Madam Speaker, I would like to make a couple of comments on the member's dissertation.
I am very concerned about my fellow Canadians in Quebec. I am concerned when I look at their financial situation in Canada today. The government of that province does not seem to want to address the real problems facing the people of Quebec. I look at a province that has the highest per capita deficit on a provincial basis of all the provinces in Canada: $9,400 for every man, woman and child in the province of Quebec, a debt which is 40 per cent financed not only outside the borders of Quebec but outside the borders of Canada.
These people in the international trading environment are looking very closely at Quebec, at the debate that is going on here today. As the province of Quebec goes out to refinance its debt on the international marketplace it is going to find fewer and fewer people interested in investing in that province. I am very concerned that the average person in the province of Quebec is going to start watching their lifestyle and their standard of living decline.
I note also that the last election in the province of Quebec was basically on the matter of bring us good government. I am concerned with the premier of that province who was a finance minister during a period in time of Quebec's history that drove up the deficit higher than any other administration: 285 per cent during his administration of that system.

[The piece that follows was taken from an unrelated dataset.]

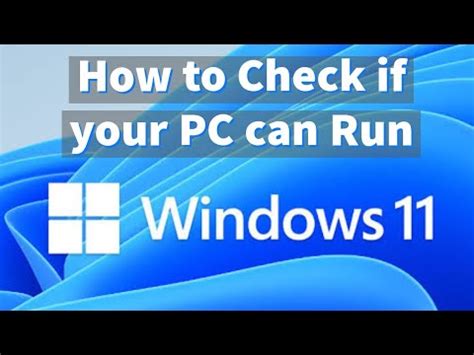 How To Check If Your Windows Pc Can Run Windows Min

I simply want to ask: What is going on here, what is happening? The day after separation no new day, there will be no change. The reality is that we are talking about transferring powers from Ottawa to Quebec City. I do not know how that helps people in Chicoutimi.
The reality is that people want control of their own destinies. Our government has been spending a lot of time discussing social policy review and other areas that affect federal legislation and it is going to the people, it is talking to the people in the streets on how they want to control those aspects of their lives. Creating new embassies all around the world is a duplication of expenditure and a cost to the people of Quebec.
My colleague often talks about Canada as a hypothetical country. To me the state of Quebec is an illusion. People will not be any better off; they will be worse off.
We have some common things, the people of Quebec and the people of the rest of Canada, common things that unite us. One of the major ones is our proximity to the United States and the economic power that country wields on this side of North America.
I think it has always been in our best interest, as a united country and as a united people, to be part of a culture which is both French and English.
I would like to ask my colleague how she thinks things are going to be so magically different.